4. Toys in the Attic (1975)
Most fans and critics hail Toys as the quintessential Aerosmith record. Producer Jack Douglas is said to have captured the honest essence of the band with this album. This album offered hits including a title track, the original version of “Walk this Way,” and the ever-popular “Sweet Emotion.” This was also Aerosmith’s most popular 70s record release, and the record sales can attest to that.
My favorite song is “Sweet Emotion.” The song simply rocks. It’s a tune one can pull up on Pandora or Spotify as a driving song, but don’t be surprised if you forget how fast you’re going while listening! Aerosmith also performed a small portion of the song during a “Wayne’s World” skit on Saturday Night Live. It’s simply a timeless classic.
3. Big Ones (1994)
While this is a compilation album – and typically not one to rank on a list such as this, Big Ones offers virtually every awesome Aerosmith song from the 1980s and early 1990s. From “Rag Doll” to “Cryin’” to “Blind Man,” every single song on this record is pure rock gold.
My favorite would have to be “Deuces are Wild.” This didn’t originally appear on an Aerosmith album; it was featured on a soundtrack for The Beavis and Butthead Experience. The lyrics are fun and carefree – the definition of 80s and 90s hard rock and glam metal.
2. Pump (1989)
Choosing the top two best Aerosmith albums is no easy task. Pump is definitely a personal favorite, offering three Top Ten hits. However, even the unreleased songs on Pump are pure gold. “Monkey on my Back” is an ode to the substance abuse issues that Perry and Tyler battled in order to make a comeback in the early 80s. “Young Lust” is a fun, driving, party-themed song; it’s the epitome of 80s hard rock.
“What It Takes” is the perfect Aerosmith power ballad – it’s the song of a couple no longer together, but one of them simply can’t get over the other. Then one has to consider “Love in an Elevator” and “Janie’s Got a Gun.” “Janie” is perhaps the first serious topic broached by the fun-loving Aerosmith. The video was highly controversial, and even those who don’t call themselves Aerosmith fans are familiar with the highly-rotated song and its themes.
My favorite song from this album has to be “Love in an Elevator.” It’s the perfect example of 80s rock music – it’s carefree and full of innuendo. However, just about every song on Pump is a really good one.

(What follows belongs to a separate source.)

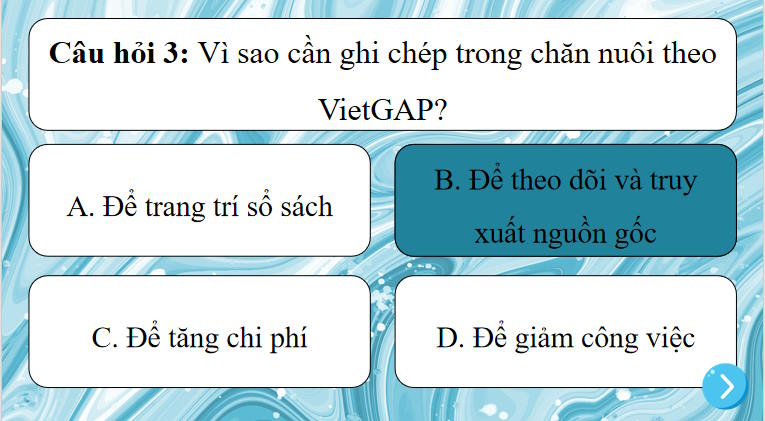 Công nghệ Chăn nuôi 11 Bài 18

1. Permanent Vacation (1987)
Permanent Vacation went platinum not only twice or three times – it went platinum an amazing five times. Critics hailed it as a change for Aerosmith to a “pop metal” sound, but Aerosmith perfectly combined the bluesy sound for which the band is known with a bit of hair metal and hard rock for a successful mix. Three of the singles from the record achieved Top Ten status.
Choosing a favorite song from this record is no easy task. First, there’s the song meant to parody the way men (particularly Vince Neil of Motley Crue) looked during the heyday of the hair/glam metal scene in LA – “Dude (Looks Like a Lady).” Then, there’s “Rag Doll” and “Angel.”
However, one can’t forget “Magic Touch” and the title track. For me, however, my absolute favorite is “Angel.” There are personal reasons for my pick, but, overall, it’s still an amazing song. If I had to choose a close second, though, “Rag Doll” would have to be it.